As barmy as this sounds (and as subjective as it is) there is at least one place I can think where creating your own "drop in" 8-pin DIP would be amazingly useful.
High-end audio, particularly (as Matt @diy_perks has correctly asserted) amps with FET front end can be noisy. This hadn't been my experience until I tried driving one with a JLI2555.
A discrete FET outperformed every FET amp I threw at it by quite a discernible margin.
Now I'd fixed this issue and the results are away at JLCPCB now and should be back in a week or two, but for future I wonder if this is worth trying?
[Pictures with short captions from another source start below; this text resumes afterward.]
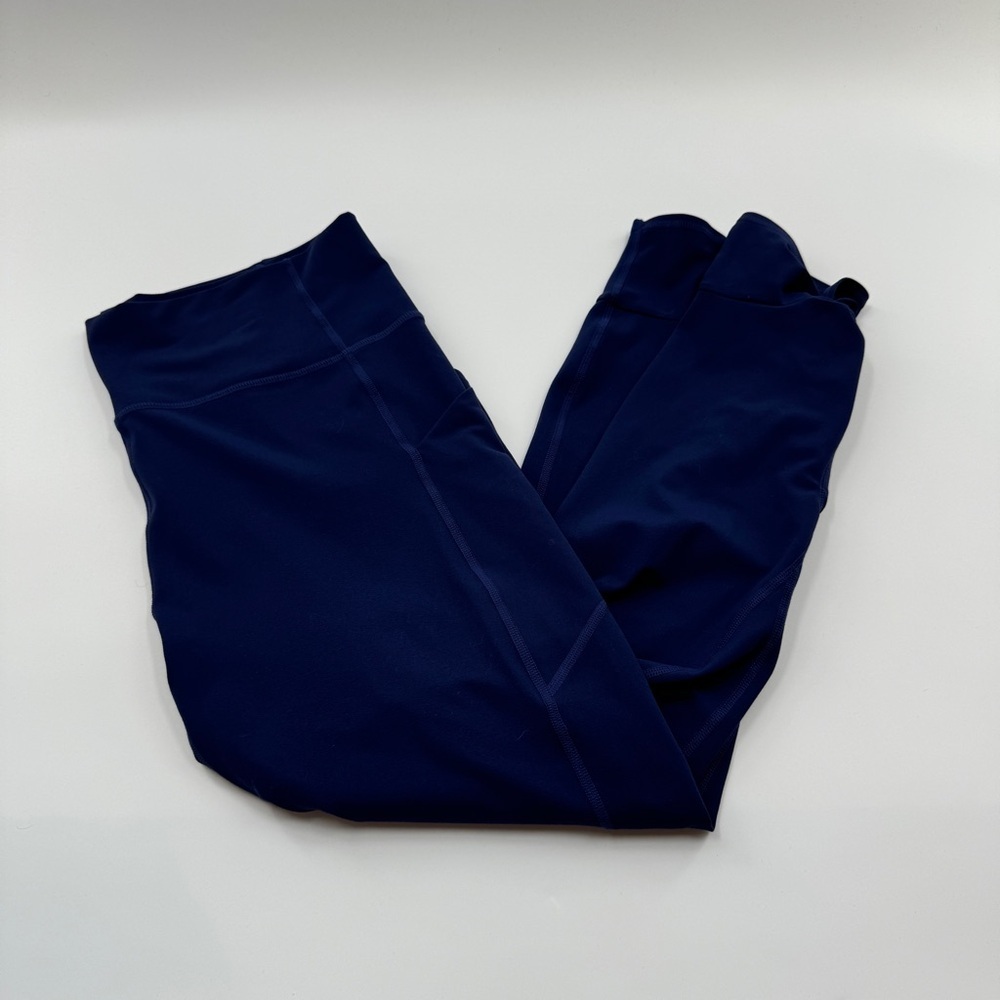 Fabletics PureLuxe High-Waisted Leggings with Side Pockets & Ankle Scrunch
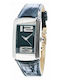 Chronotech Herrenuhr 26mm Batterie mit Blau Lederarmband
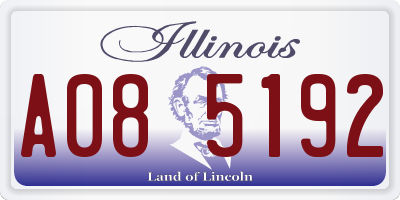 IL license plate A085192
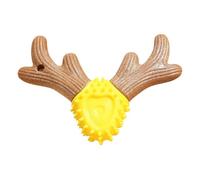 Jouet à mâcher pour animaux de compagnie, jouet couineur pour chien, jouet interactif en forme de bois de cerf, jouet à mâcher indestructible, jouet à mâcher pour le nettoyage des dents, jouet durable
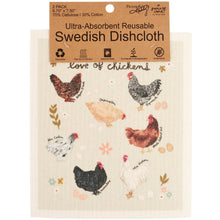 Load image into Gallery viewer, Primitives by Kathy - Love Of Goats Swedish Dishcloth Set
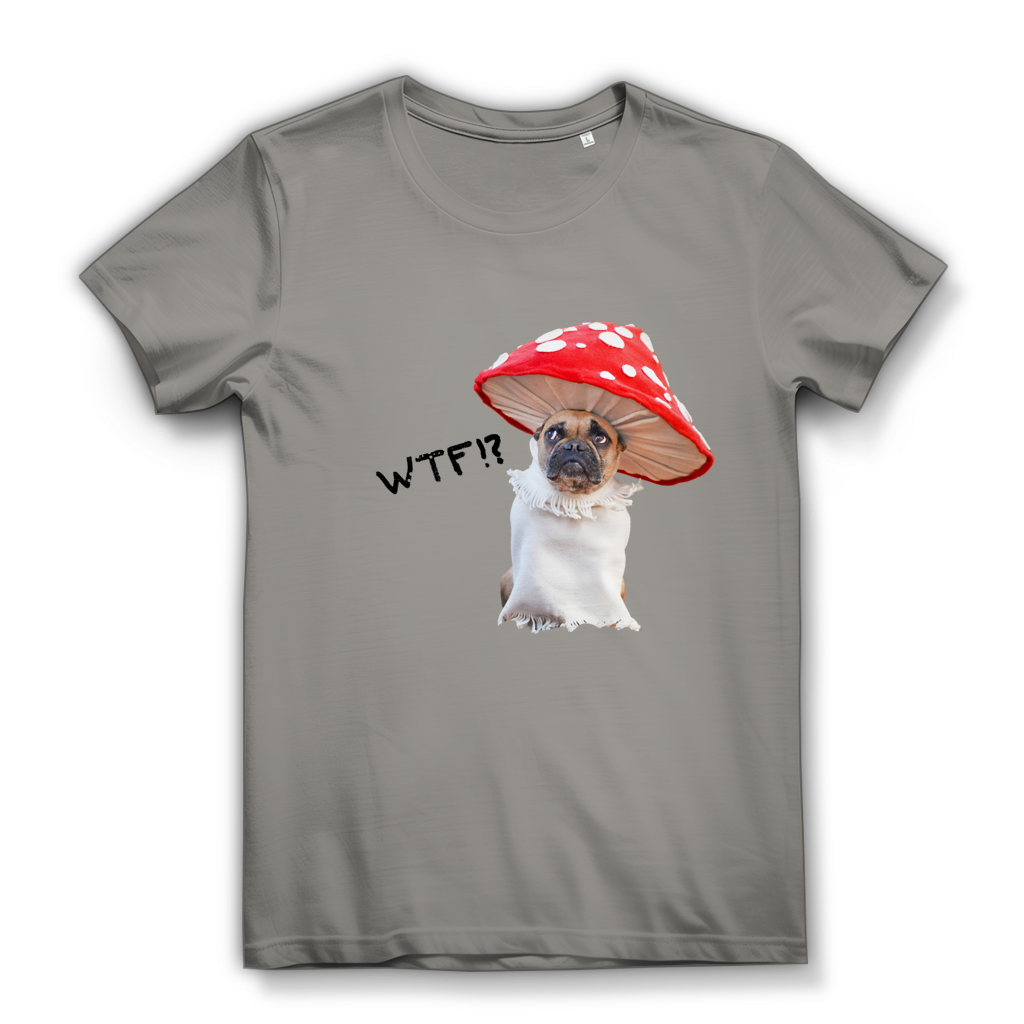 Damen Premium Bio T-Shirt Mushroom Dog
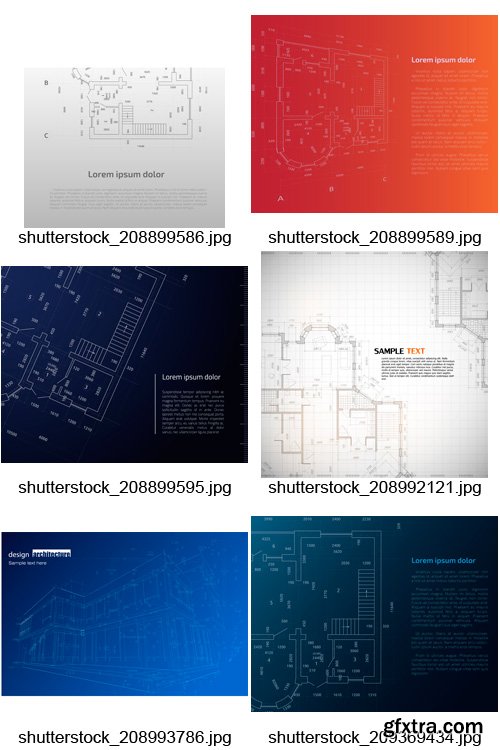 Amazing SS - Architecture Backgrounds, 25xEPS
My argument for it is that we can have a custom amp made for us at JLC and drop it into a simple DIL socket to replace a known amp in a known design but benefit from vastly improved performance.
The circuit I'm current having made does this almost perfectly with fixed internal x100 gain which is enough to suit many applications but it would be incredibly easy to leave out the feedback network and just leave you with gain-adjustable amp that would replace amps like from the 741 to TL071 in most applications only with all the benefits of a FET front end (low noise, high impedance) specifically tailored for the audio band.
Much the same can be done for duals although I'm not suggesting it would be worth attempting to replace the NE5535 as it's bipolar design is quiet as it is - but it lacks that high-impedance you only get with a FET.
Take everything I say with a pinch of salt, I might be wrong!
(Cybertruck avatar is a riff on my inability to deliver my designs in reasonable time so far.)